* [Work to complete]: Begin at the line below that has "in Leydig cells.". Stop after the line that has "Frida and the Miscarriage by Frida Kahlo", repeating each line exactly and leaving out the pictures.

* [Exercise data]:

=== Section Start ===

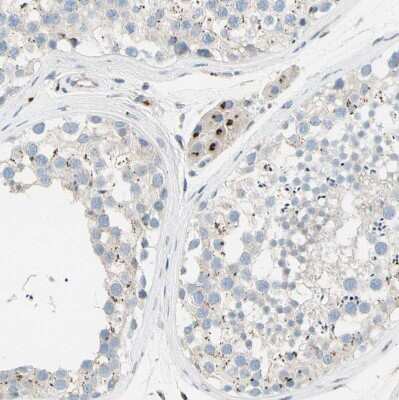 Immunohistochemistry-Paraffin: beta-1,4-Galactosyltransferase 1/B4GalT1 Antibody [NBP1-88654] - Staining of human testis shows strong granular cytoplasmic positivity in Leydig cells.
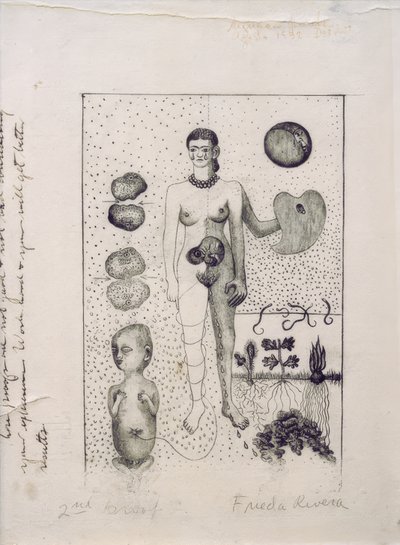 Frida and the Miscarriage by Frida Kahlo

=== Section End ===
=== Section Start ===

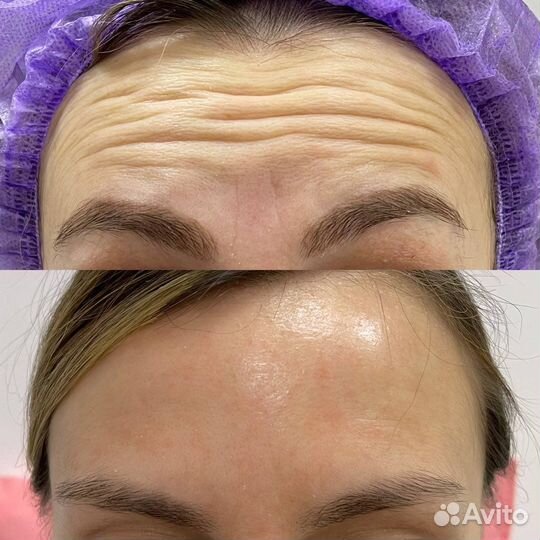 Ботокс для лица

=== Section End ===
=== Section Start ===

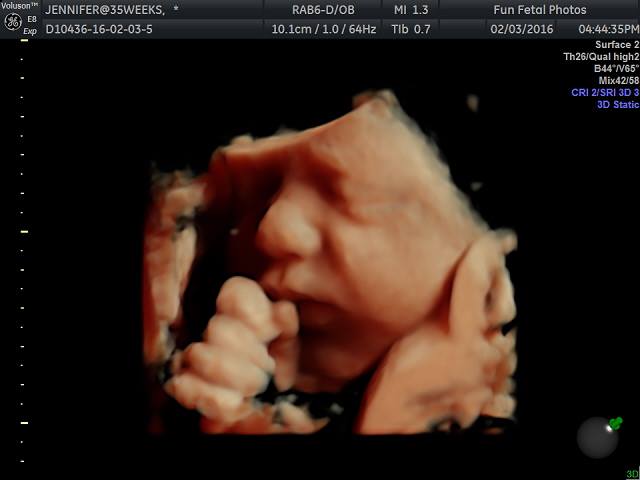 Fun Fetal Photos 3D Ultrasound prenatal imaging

=== Section End ===

* [Finished exercise]:
 Immunohistochemistry-Paraffin: beta-1,4-Galactosyltransferase 1/B4GalT1 Antibody [NBP1-88654] - Staining of human testis shows strong granular cytoplasmic positivity in Leydig cells.
 Frida and the Miscarriage by Frida Kahlo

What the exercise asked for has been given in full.